Auch Schmetterlinge sowie zahlreiche andere Insekten und Kleintiere, finden hier ein Zuhause. Ein zwischen wilden Wiesen und alten Obstbäumen vorbeifliegender Grünspecht bedeutet, dass er mit dem Nahrungsangebot zufrieden ist.
Die Aufrechterhaltung dieser ausgewogenen und facettenreichen Flächennutzung übernehmen Fachkräfte: Circa 60 Schafe und 22 Mutterkühe plus Rinder beweiden das Gelände, da aufgrund seiner Topografie in der idyllischen, aber steilen Wutachschlucht der Einsatz von Maschinen erschwert wird. Schafe werden an abschüssigen Hängen eingesetzt, Kühe und Rinder an moderateren Stellen.
Die Auswahl des Nutzviehs muss gut überdacht sein – denn für eine Hochleistungskuh, die um die 10.000 Liter Milch pro Jahr produzieren kann, wäre laut Binninger das Futterangebot am Bruderhof zu gering. Daher setzt er auf die Rassen Angus und Limousin, die genügsam sind und unter den vorliegenden Gegebenheiten gute Ergebnisse in ihrer Produktivität erzielen.
Auch Herdenschutz ist ein Thema in einem Gebiet, das vom Umweltministerium als potenzielle Wolfsregion ausgewiesen wurde. Für das Ökosystem ist der Wolf relevant und wichtig, jedoch möchte jeder Landwirt sein Weidevieh verständlicherweise schützen. Binninger vertraut dabei auf geschätzt 13 Kilometer lange Elektrozäune, deren 8,4 Kilovolt stromführende Drähte mindestens 120 Zentimeter hoch und nicht mehr als 20 Zentimeter über dem Boden befestigt sein sollen. Der Grund hierfür: Wölfe bevorzugen das Durchkriechen eines Hindernisses, anstatt darüber zu springen. Insgesamt schirmen fünf parallel liegende Drähte die Weide vom Außenbereich ab. Sollte sich bei einem eventuellen Riss in der Herde eine Abweichung in den vom Umweltministerium vorgegebenen Parametern herausstellen, könnten Schadensersatzansprüche negativ beurteilt werden. Wie es sich in der Praxis gezeigt hat, ist es in diesem topografisch anspruchsvollen Gelände am Bruderhof jedoch mehr als eine Herausforderung, diese Vorgaben umzusetzen. Von daher muss eine praktikable und finanzierbare Lösung in Abstimmung mit der Politik erst noch erarbeitet werden.

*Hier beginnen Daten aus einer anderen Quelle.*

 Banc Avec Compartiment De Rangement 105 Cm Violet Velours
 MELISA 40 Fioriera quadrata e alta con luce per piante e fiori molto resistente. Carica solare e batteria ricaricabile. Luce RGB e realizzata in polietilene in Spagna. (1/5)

Wer sich für die Idylle und die Symbiose zwischen Landwirtschaft und Naturschutz interessiert, kann sein Zelt nach Absprache auf dem Gelände aufbauen oder in einem der bereitgestellten Wohnfässer nächtigen. Binninger gibt Gästen in seiner Funktion als Biodiversitätspädagoge gerne Auskünfte über sein ambitioniertes Projekt auf dem Bruderhof.